The credit card business has since been recovering since the Great Recession when banks drastically cut consumer lending as they scrambled to reduce risky loans. The number of people with credit cards has since increased, from 152 million in 2010 to 176 million in 2017. At the same time, the number of credit card accounts in the U.S increased from 386 million to 455 million in 2017. Alongside a modest increase in the average number of cards each person holds, more people are getting a credit card for the first time.
Once shunned for encouraging irresponsible spending, credit cards in the United States have since been hailed as a way to “save money.” From cashback to valuable airline miles, when accumulated—can theoretically pay for your flight and hotel stays. Extravagant sign-up bonuses, which require that a new cardholder spend a minimum amount in order to earn additional rewards, while generous point-reward systems incentivize the use of the card after the sign-up bonus was achieved.
In the end, though, someone is paying for your credit card rewards.
One upfront cost is the annual fee, which is typically charged at the beginning of the year and goes towards paying for administration costs. Credit card companies can also earn profits through the late fee and expensive 25% per year interest rates, one that can be avoided by paying in full the amount owed.
A significant method credit card companies get their revenue is through interchange fees. Every time you swipe a card to pay, a portion of the total transaction is charged to the merchant and not the consumer. In general, high-end rewards credit cards charge higher interchange fees. American Express, with a more affluent customer base, relies less on its users falling behind on payments and thus charges a higher fee.
In the Bay Area, many restaurants have implemented different strategies to offset these costs. After all, fees will further eat away at the razor-thin margins inherent in the restaurant business. Na Ya Dessert House on Geary Boulevard in San Francisco, for example, has a cash-only policy. The risk is that this method is less secure to theft, and may turn away diners who don’t have enough cash, leading to lost revenue.

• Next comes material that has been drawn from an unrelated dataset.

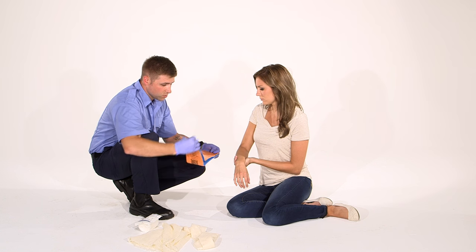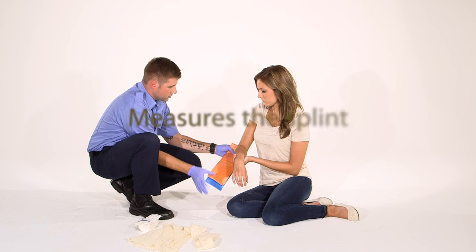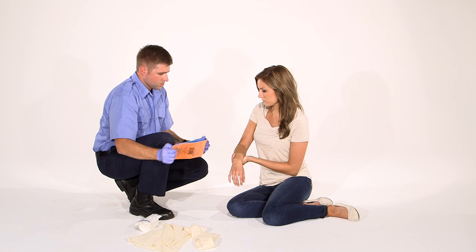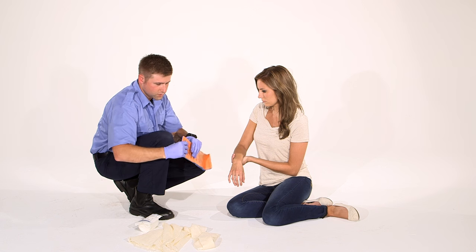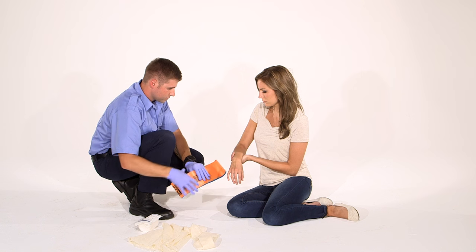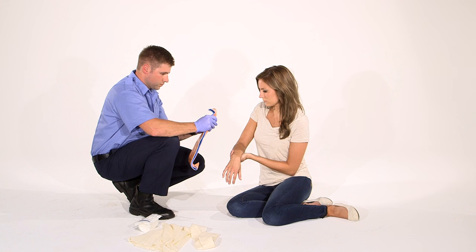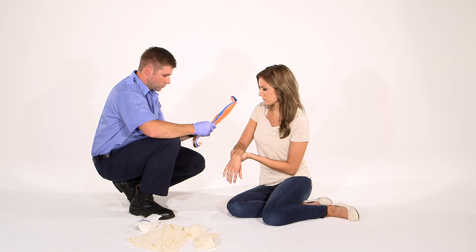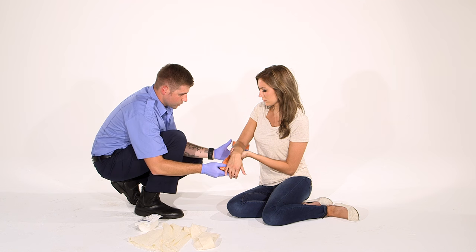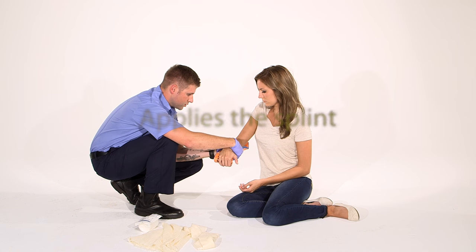I'm going to get my splint out and I'm going to measure it to make sure that's the right size for you. I want it to wrap over the back of your elbow. Curl down so you have something to hold on to. I'm going to hold right here and switch it. I'll make sure that's nice.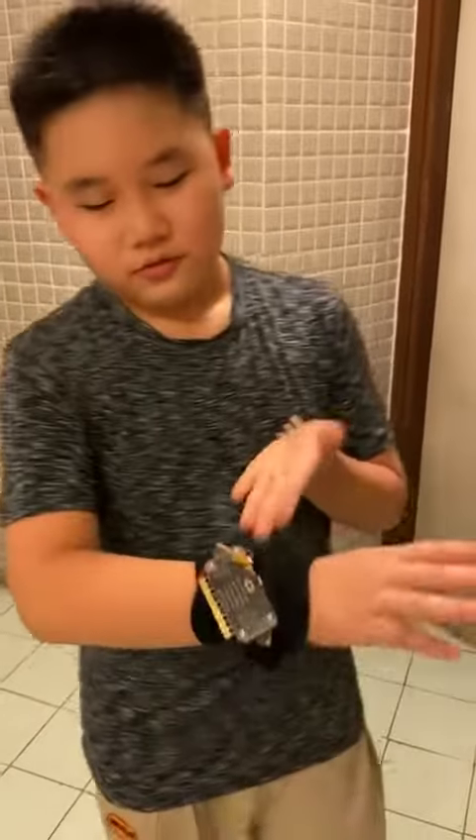Hello, I am Ming. Today I'm going to introduce my SMART exercise watch.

Other restaurants may have to raise prices throughout the menu. While this simplifies the cost structure, it indiscriminately affects customers regardless of how they choose to pay. Here, it may be argued that people with poor credit scores, often with lower and unstable incomes, are disproportionately paying the most for the same products.

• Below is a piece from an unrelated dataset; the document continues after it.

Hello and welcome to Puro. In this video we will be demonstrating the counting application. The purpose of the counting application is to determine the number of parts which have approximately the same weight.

Some establishments choose a middle ground. Gypsy’s Trattoria Italiana, a popular restaurant close to UC Berkeley, charges a 50-cent extra surcharge to diners paying with credit cards. While this incentivizes the use of cash, it creates a more complicated pricing structure, one that causes confusion.
Ultimately, if you are paying the annual and late fees, and if establishments are also charging you the interchange fee, you are paying for a large chunk of the points you earn.